_TASK REQUIREMENTS_:
Retype the listing exactly, with no images.

◆ ◆ ◆ ◆

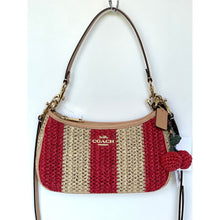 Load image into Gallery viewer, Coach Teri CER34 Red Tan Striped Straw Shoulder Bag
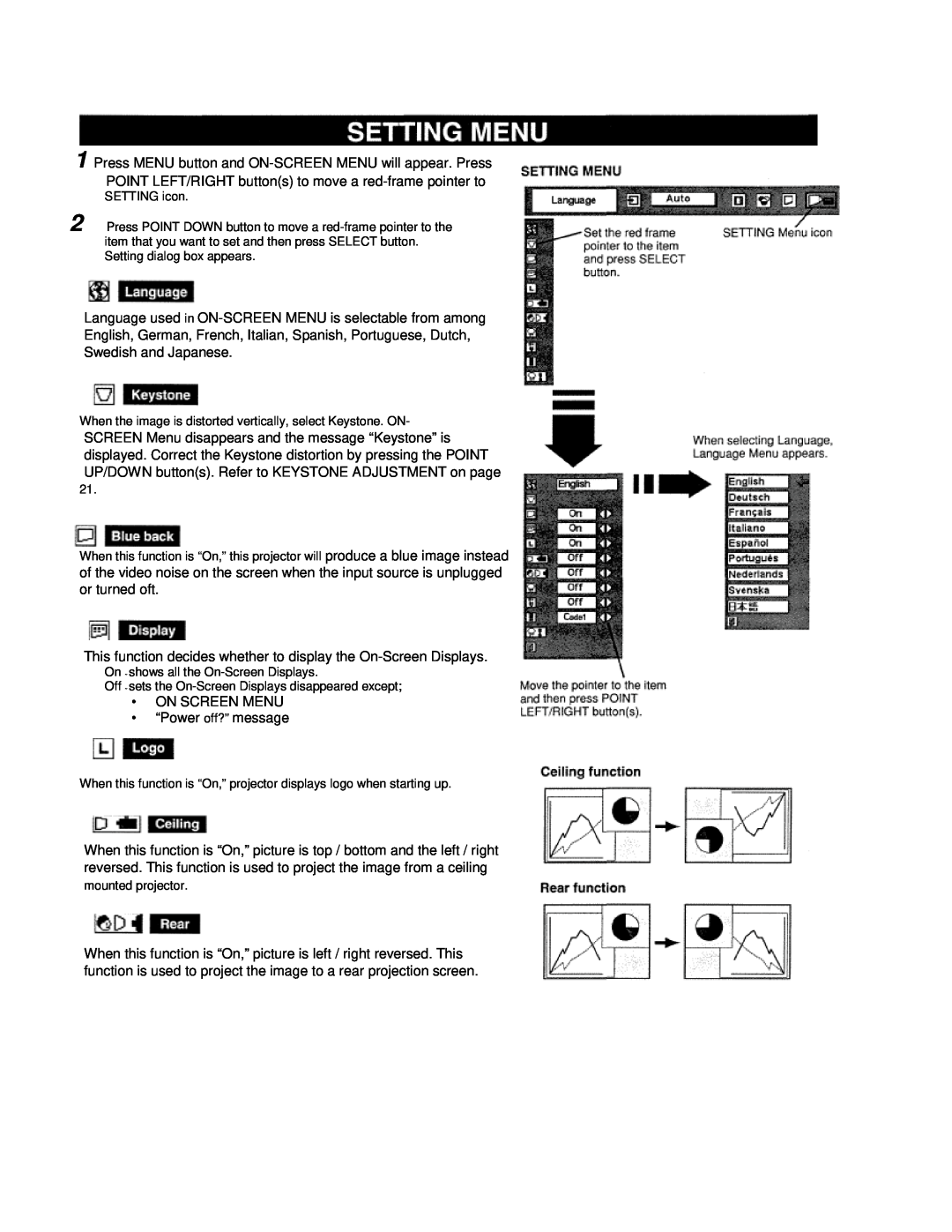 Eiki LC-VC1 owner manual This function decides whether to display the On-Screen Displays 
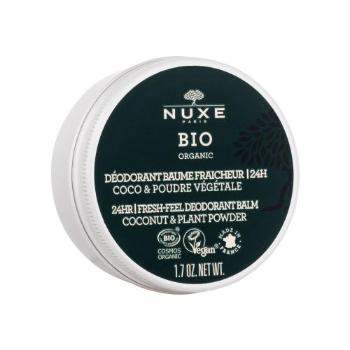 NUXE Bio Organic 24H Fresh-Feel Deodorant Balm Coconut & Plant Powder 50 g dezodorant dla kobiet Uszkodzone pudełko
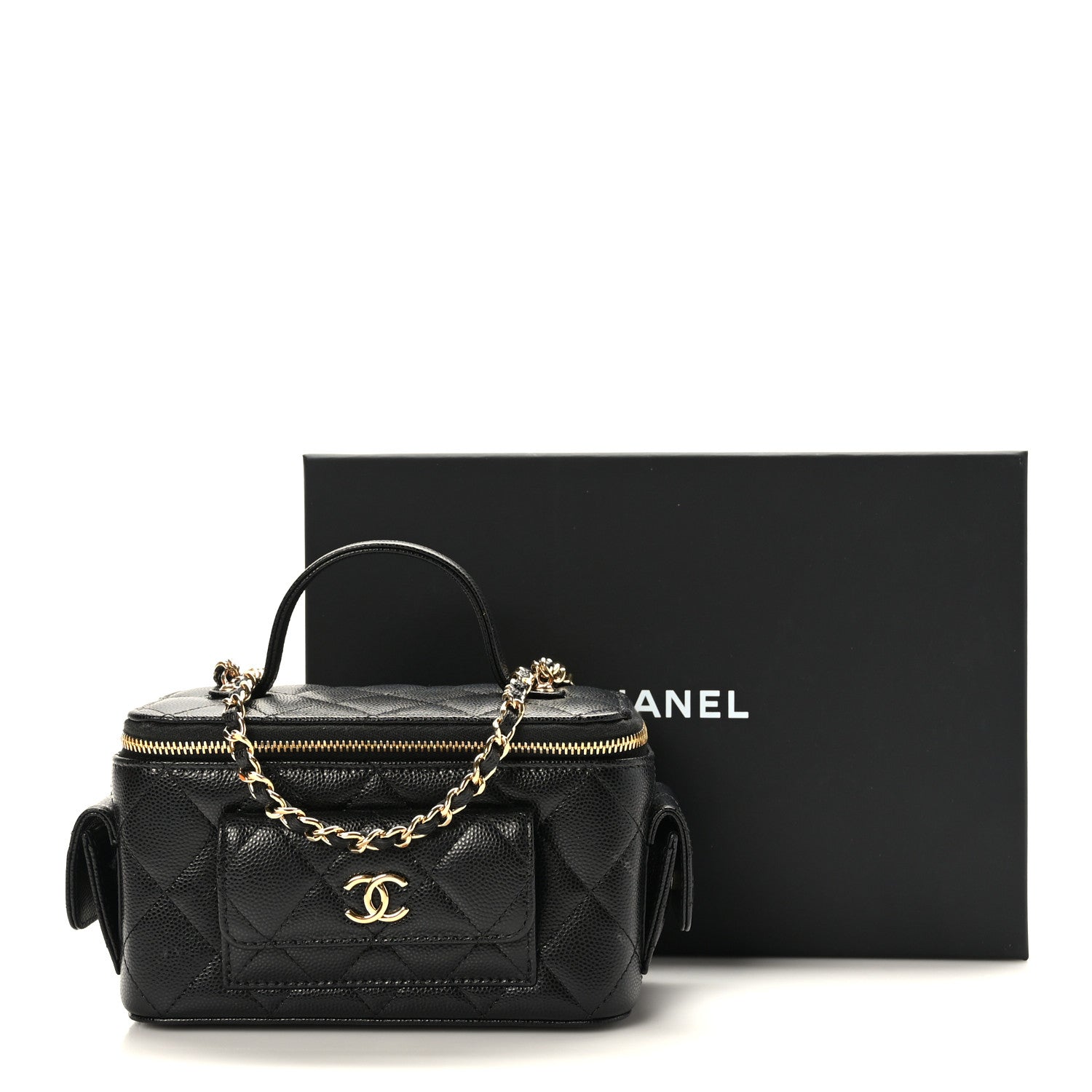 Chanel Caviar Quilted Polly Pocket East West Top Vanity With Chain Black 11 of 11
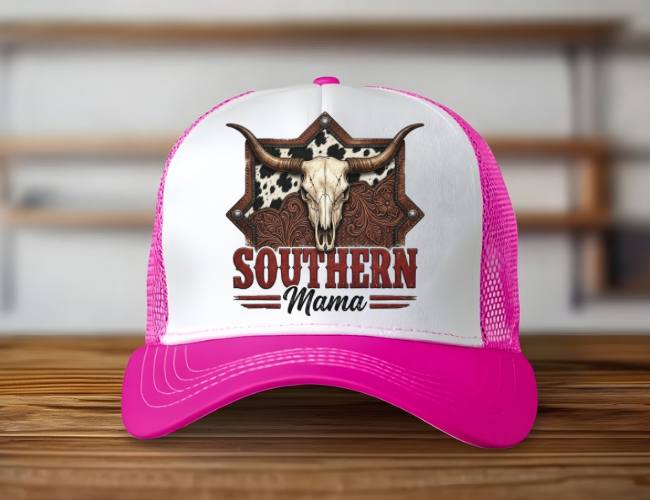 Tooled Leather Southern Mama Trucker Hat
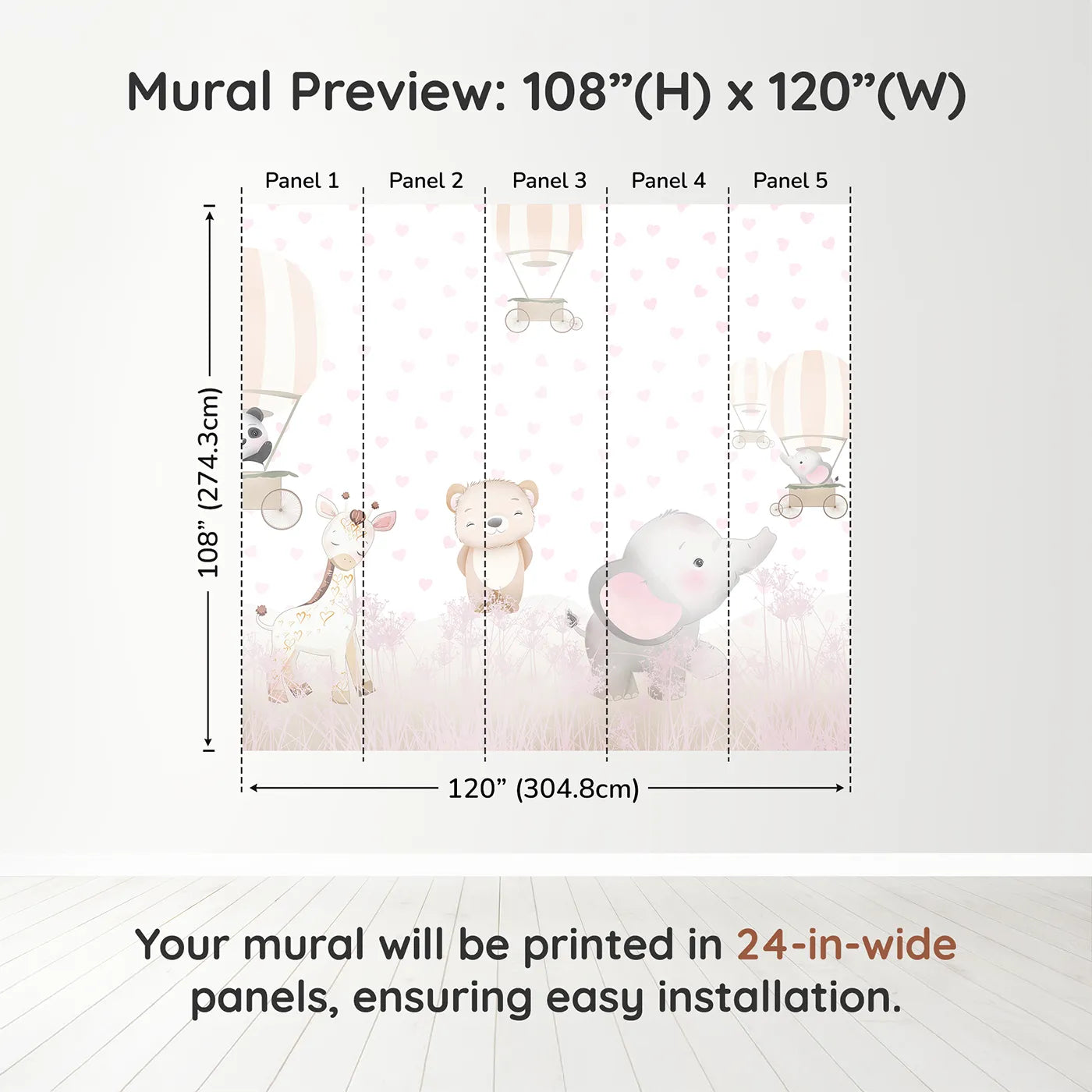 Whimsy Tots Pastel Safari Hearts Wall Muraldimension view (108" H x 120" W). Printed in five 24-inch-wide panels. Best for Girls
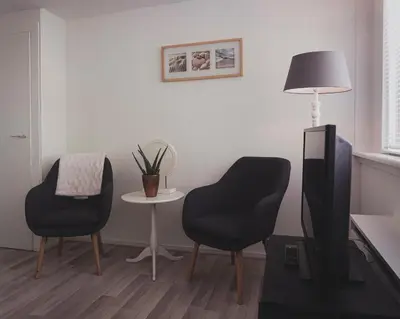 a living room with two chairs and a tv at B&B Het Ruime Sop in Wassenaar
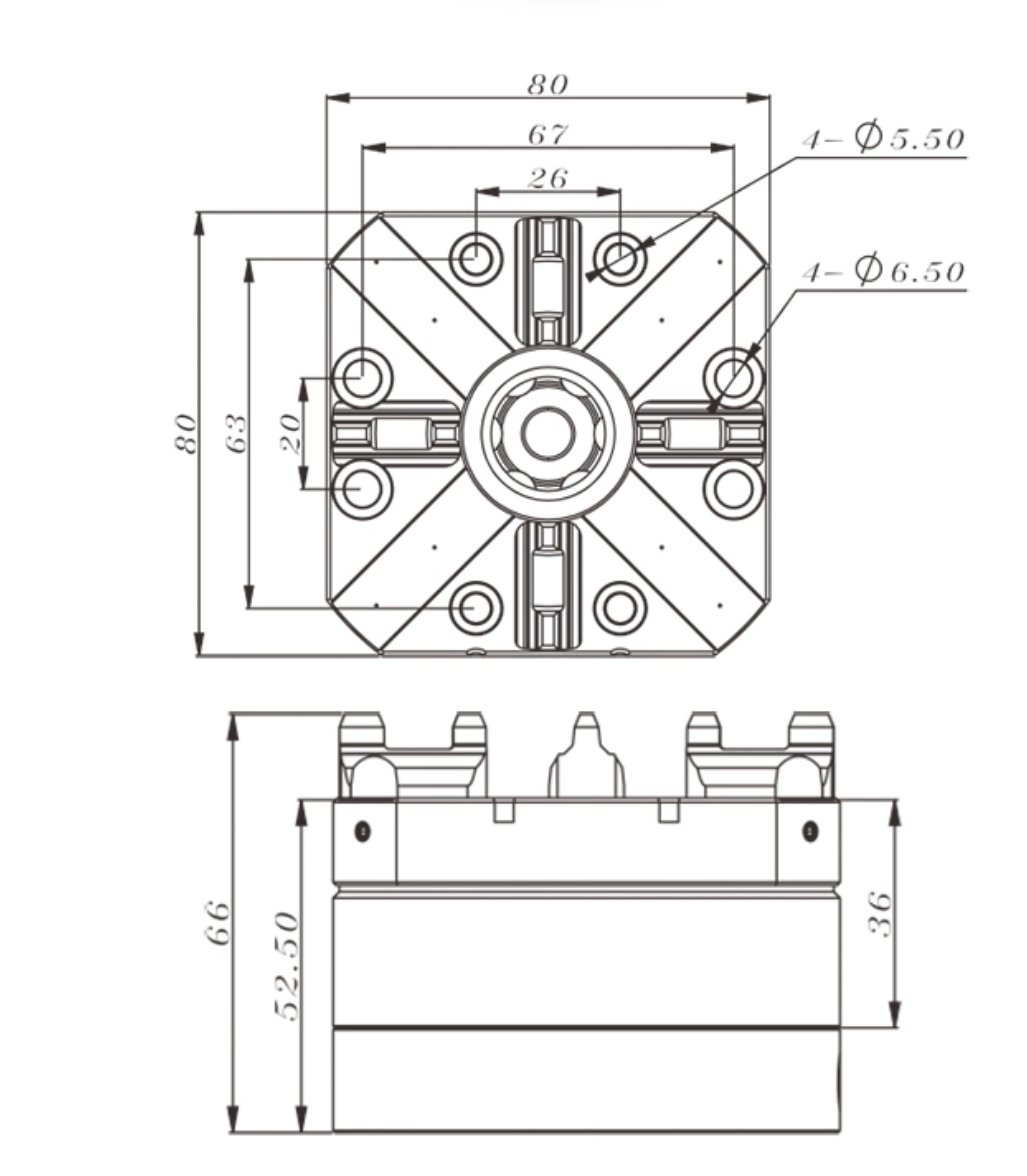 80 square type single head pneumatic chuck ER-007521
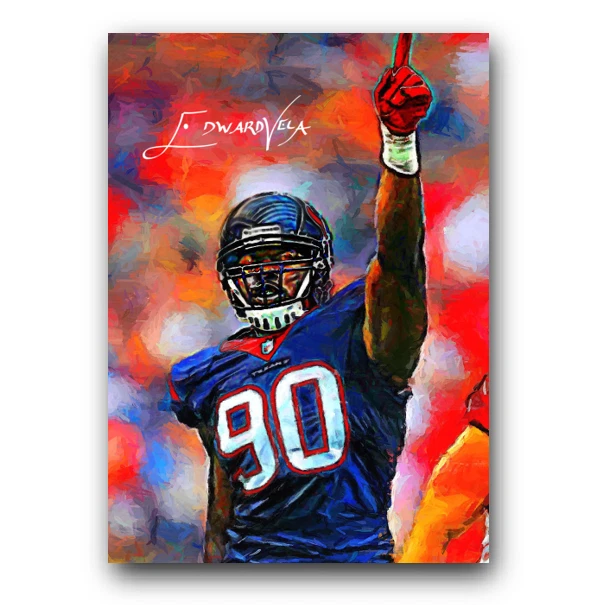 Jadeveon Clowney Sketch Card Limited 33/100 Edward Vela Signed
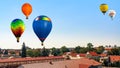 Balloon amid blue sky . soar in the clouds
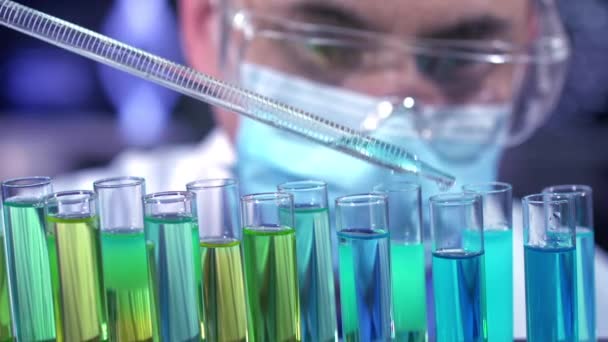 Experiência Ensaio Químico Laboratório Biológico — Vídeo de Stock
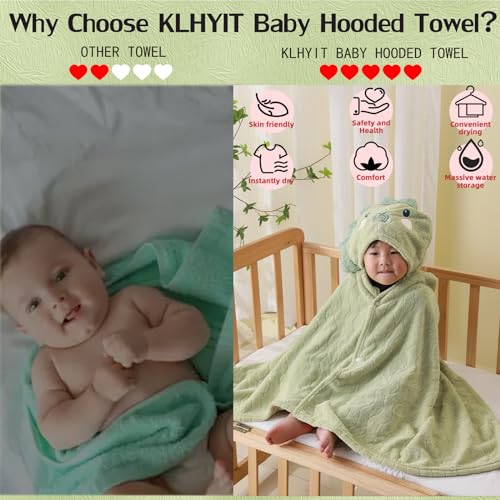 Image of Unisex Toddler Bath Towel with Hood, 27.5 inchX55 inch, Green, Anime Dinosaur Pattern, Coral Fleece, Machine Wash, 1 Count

◆ ◆ ◆ ◆

_TASK ANSWER_:
 Load image into Gallery viewer, Coach Teri CER34 Red Tan Striped Straw Shoulder Bag
 Eiki LC-VC1 owner manual This function decides whether to display the On-Screen Displays 
 NUXE Bio Organic 24H Fresh-Feel Deodorant Balm Coconut & Plant Powder 50 g dezodorant dla kobiet Uszkodzone pudełko
 Chanel Caviar Quilted Polly Pocket East West Top Vanity With Chain Black 11 of 11
 Tooled Leather Southern Mama Trucker Hat
 Whimsy Tots Pastel Safari Hearts Wall Muraldimension view (108" H x 120" W). Printed in five 24-inch-wide panels. Best for Girls
 a living room with two chairs and a tv at B&B Het Ruime Sop in Wassenaar
 80 square type single head pneumatic chuck ER-007521
 Jadeveon Clowney Sketch Card Limited 33/100 Edward Vela Signed
 Balloon amid blue sky . soar in the clouds
 Experiência Ensaio Químico Laboratório Biológico — Vídeo de Stock
 Image of Unisex Toddler Bath Towel with Hood, 27.5 inchX55 inch, Green, Anime Dinosaur Pattern, Coral Fleece, Machine Wash, 1 Count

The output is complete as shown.